Think about what it would mean to be enslaved — utterly enslaved — to a master/owner who detested you and everybody like you. Imagine the worst injustices, cruelties, and aggressions you would be subjected to by totally unrestrained bullys. Imagine how humiliated and angry and desperate you would be. Imagine also how you would feel if these outrages were perpetrated without restraint on your own family and those you loved. Imagine being aware that any response you made could not only result in more punishment and outrage against yourself, but also vast injustices against your family and fellow slaves, or even against enslaved people you didn’t know.

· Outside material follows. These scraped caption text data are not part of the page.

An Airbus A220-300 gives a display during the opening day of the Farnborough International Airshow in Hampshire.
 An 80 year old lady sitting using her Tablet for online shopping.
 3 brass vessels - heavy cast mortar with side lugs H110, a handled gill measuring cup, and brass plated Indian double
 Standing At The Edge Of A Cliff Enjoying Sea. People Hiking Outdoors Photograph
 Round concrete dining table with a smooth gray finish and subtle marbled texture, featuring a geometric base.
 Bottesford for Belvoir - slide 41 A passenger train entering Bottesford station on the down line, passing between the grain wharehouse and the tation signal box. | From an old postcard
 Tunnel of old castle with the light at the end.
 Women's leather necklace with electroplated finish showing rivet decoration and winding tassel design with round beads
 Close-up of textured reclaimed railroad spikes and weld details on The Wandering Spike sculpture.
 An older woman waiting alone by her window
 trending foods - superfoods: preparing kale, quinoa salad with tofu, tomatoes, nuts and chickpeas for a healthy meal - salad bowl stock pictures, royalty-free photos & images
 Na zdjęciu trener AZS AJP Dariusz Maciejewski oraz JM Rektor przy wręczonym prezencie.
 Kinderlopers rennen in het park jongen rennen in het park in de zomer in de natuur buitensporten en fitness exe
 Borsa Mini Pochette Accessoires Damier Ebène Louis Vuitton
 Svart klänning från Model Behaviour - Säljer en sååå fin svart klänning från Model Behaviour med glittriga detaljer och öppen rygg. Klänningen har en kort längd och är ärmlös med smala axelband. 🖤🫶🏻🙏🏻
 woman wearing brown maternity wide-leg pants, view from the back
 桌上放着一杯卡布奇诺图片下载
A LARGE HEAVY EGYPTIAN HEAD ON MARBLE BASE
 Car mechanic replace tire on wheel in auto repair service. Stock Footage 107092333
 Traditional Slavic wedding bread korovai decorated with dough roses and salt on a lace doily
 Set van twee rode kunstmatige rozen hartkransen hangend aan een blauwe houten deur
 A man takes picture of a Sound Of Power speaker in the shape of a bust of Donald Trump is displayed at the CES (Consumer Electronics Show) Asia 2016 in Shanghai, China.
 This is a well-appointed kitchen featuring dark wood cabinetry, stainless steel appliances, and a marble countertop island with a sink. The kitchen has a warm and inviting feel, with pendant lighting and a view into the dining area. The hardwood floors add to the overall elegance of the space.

Have you tried to imagine all this? You haven’t come close to what Percival Everett’s brilliant and penetrating novel James can show you about how a slave owner (or any random white person) in pre-Civil-War America could demean a human being who was “owned” and destroy both body and spirit. The absolute power of whites over blacks, even free blacks, at that time is nearly unimaginable, but Everett forces the reader to visualize the horrors.
James, of course, is a retelling of Mark Twain’s masterpiece Huckleberry Finn. Mark Twain forced the reader to see slavery from the eyes of a naive boy with an innate sense of justice, despite his social background. James goes beyond the original for the modern reader because the author’s eyes are twentieth-century eyes; further, the author gives the character James a dual perspective, both as an educated man (self-educated) and as a helpless victim.
James is a totally different book, and totally different from most retold stories. Its power comes from the juxtaposition of two visions from two authors and two eras. Impressively, it also captures — and extends — Mark Twain’s humor. In both books, humor enriches and transforms the sadness embedded in the novel. At least that’s how I see it.
The book is a best-seller and award winner, so there are plenty of reviews that unlike this one actually summarize the plot and compare the two versions in detail.